Mauvaise humeur - Edgar Degas

Mauvaise humeur

Œuvre de Edgar Degas • 1871

À propos de cette œuvre

Intitulée *Mauvaise humeur*, la composition signée Edgar Degas en 1871 dévoile l’intimité d’un moment domestique empreint de tension psychologique. Au centre de la scène, une femme assise, épaules voûtées, les bras croisés sur son ventre, fixe le spectateur d’un regard à la fois fatigué et défiant. Derrière elle, une console en bois poli supporte un vase renversé, dont le contenu – une gerbe de fleurs fanées – s’échappe dans un désordre qui accentue l’atmosphère de désarroi. À gauche, une porte entrouverte laisse entrevoir un couloir sombre, tandis qu’un rideau à moitié tiré laisse filtrer une lumière tamisée, créant un jeu de clair-obscur qui isole la figure principale du reste de la pièce.
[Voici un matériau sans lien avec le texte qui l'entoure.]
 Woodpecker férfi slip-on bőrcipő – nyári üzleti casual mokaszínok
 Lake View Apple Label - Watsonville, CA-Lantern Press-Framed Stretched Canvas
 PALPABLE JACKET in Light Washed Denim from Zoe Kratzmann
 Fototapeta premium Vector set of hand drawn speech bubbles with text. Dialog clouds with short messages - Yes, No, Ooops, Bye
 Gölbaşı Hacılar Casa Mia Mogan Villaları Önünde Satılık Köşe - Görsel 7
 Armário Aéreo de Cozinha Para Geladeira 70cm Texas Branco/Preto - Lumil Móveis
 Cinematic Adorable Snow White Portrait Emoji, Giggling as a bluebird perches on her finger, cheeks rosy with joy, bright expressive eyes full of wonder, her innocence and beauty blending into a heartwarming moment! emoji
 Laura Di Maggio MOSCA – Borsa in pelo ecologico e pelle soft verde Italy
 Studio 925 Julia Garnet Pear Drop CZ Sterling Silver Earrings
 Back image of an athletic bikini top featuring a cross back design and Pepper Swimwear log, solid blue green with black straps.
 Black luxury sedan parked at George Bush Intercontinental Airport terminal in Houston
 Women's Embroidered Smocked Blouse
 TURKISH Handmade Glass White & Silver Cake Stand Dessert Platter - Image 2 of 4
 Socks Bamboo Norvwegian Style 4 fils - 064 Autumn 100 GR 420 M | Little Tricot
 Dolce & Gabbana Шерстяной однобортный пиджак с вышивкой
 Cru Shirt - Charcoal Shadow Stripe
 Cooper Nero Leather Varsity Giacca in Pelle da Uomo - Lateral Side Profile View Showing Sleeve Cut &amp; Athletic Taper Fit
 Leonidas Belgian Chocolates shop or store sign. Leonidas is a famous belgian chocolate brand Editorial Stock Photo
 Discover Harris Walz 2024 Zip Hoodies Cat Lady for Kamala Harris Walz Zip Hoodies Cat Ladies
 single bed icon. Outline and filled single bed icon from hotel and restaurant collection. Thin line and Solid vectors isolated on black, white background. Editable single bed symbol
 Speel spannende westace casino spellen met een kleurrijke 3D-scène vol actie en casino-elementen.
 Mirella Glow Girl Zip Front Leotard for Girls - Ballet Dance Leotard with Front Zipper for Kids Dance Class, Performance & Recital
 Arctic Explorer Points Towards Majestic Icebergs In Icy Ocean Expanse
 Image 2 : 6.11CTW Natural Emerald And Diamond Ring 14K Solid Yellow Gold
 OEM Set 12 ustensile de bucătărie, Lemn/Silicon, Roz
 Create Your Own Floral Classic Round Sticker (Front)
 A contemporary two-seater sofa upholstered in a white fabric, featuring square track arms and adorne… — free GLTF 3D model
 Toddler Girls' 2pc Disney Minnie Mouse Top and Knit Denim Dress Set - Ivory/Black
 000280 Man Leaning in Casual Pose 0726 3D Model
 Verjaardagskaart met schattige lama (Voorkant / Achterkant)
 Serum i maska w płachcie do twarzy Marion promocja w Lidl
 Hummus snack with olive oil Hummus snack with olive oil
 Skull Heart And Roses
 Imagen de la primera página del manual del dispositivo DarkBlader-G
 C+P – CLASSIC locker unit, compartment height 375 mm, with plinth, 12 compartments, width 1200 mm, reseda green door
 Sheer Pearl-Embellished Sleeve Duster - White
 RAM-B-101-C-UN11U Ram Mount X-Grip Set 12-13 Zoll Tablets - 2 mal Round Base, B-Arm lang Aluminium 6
La palette choisie par Degas se décline en tons froids de gris-bleu, de brun terreux et de noir d’encre, interrompus par le rouge éclatant d’un mouchoir posé négligemment sur le fauteuil. Ce contraste chromatique signale l’éclat d’une émotion contenue sous une surface de résignation. La technique, typique du réalisme d’Édouard Manet et préfigurant l’impressionnisme, associe la précision du dessin à la légèreté du pastel sec appliqué en fines touches, surtout pour les textures du tissu et du bois. Le maître de la capture du mouvement utilise ici des traits courts, presque hachurés, qui confèrent à la scène une vibration nerveuse.

Créée quelques mois après la chute de l’Empire et pendant la guerre franco‑prussienne, l’œuvre reflète le malaise ambiant de la France de 1871, où le quotidien était ponctué d’incertitudes économiques et sociales. Degas, alors déjà fasciné par les scènes de la vie moderne, s’intéresse à la psychologie de ses sujets plutôt qu’à la simple description extérieure. Une anecdote raconte que le modèle était la sœur de l’artiste, qui aurait improvisé ce geste de reproche après une dispute familiale, offrant ainsi à Degas une authenticité brute. *Mauvaise humeur* se place ainsi à la croisée du réalisme et de l’émergence impressionniste, témoignant du regard incisif d’un peintre éclairant les nuances de l’âme humaine à travers les objets du quotidien.